20.3 Choosing between multiple bets

So far, we have considered cases where there is only one possible bet: you can either invest your money in this bet, or keep it. However, a more realistic situation is that at any point in time you have to choose between multiple bets. In these cases, how should you split your money between these bets?

For example, suppose you could invest a fraction \(\alpha_1\) of your wealth in a first bet with return \(X^{(1)} \sim p_1\), and a fraction \(\alpha_2\) of your wealth in a second bet with return \(X^{(2)} \sim p_2\). Using the same reasoning as the previous section, you could maximize the following quantity over \((\alpha_1, \alpha_2)\):

\[ \mathbb{E}_{X^{(1)} \sim p_1, X^{(2)} \sim p_2}\left[ \log \left(1 + \alpha_1 X^{(1)} + \alpha_2 X^{(2)}\right) \right]. \]

However, this optimization problem often becomes intractable as the number of possible bets becomes large. For example, think about the enormous number of possible investments a trader can make at any point in time.

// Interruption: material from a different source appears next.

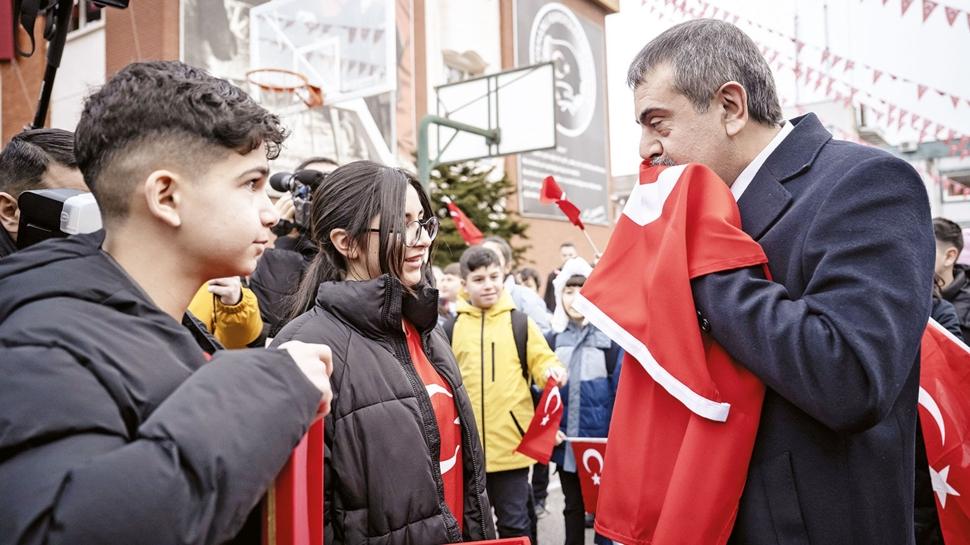 �lk ders zili Bayrak i�in �ald�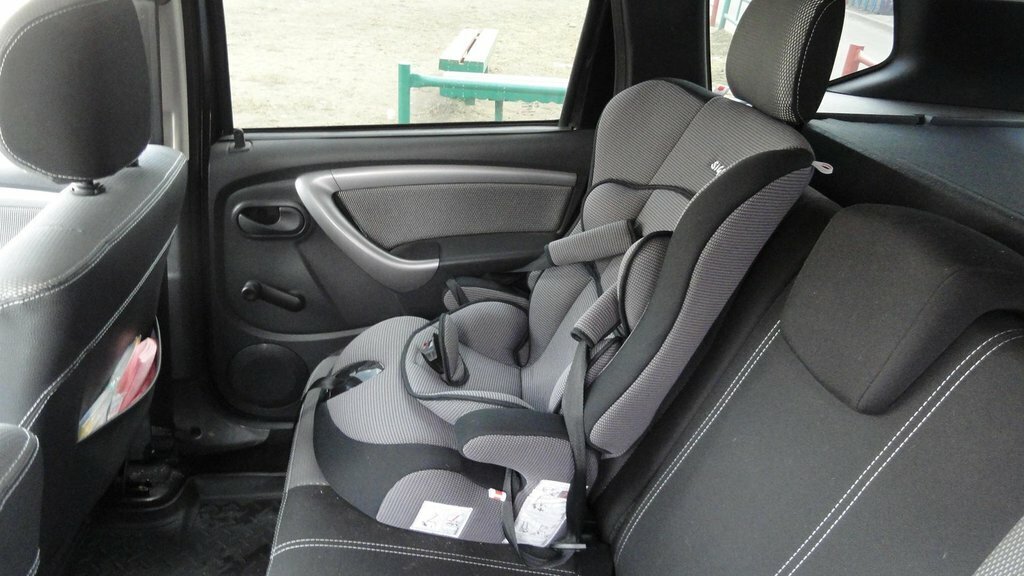 Места сзади маловато, а "вёсла" - это вообще ужас, на машине 2012 года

One idea could be to use the Taylor approximation \(\log(1 + z) \simeq z - \frac {z^2} 2\). For a single bet, this yields:

\[ \mathbb{E}_{X \sim p}\left[ \log (1 + \alpha X) \right] \simeq \alpha \mathbb{E}(X) - \frac {\alpha^2} 2 \mathbb{E}(X^2), \]

which is maximized by \(\alpha = \frac {\mathbb{E}(X)} {\mathbb{E}(X^2)}.\) Intuitively, this approximation favors bets whose returns have a high expected value but a low variance.

When choosing between \(n\) bets with returns \(X^{(i)} \sim p_i\), a first simpler case is when these bets are all independent. Then, the same reasoning applies to each bet independently, and

\[ \alpha_i \propto \frac {\mathbb{E}(X^{(i)})} {\mathbb{E}(X^{(i)^2})}. \]

The formula becomes more complicated when the \(X^{(i)}\) are no longer independent:

\[ \mathbb{E}_{\forall i, X^{(i)} \sim p_i}\left[ \log \left(1 + \sum\limits_{i=1}^n \alpha_i X_i\right) \right] \simeq \alpha^\top \mathbb{E}(X) - \frac 1 2 \alpha^\top \mathbb{E}(XX^\top) \alpha, \]

which is maximized by \(\alpha = \mathbb{E}(XX^\top)^{-1} \mathbb{E}(X)\) (assuming that \(\mathbb{E}(XX^\top)\) is invertible). Qualitatively, this approximation favors diversification, by assigning greater fractions \(\alpha_i\) to bets that are less dependent on the others.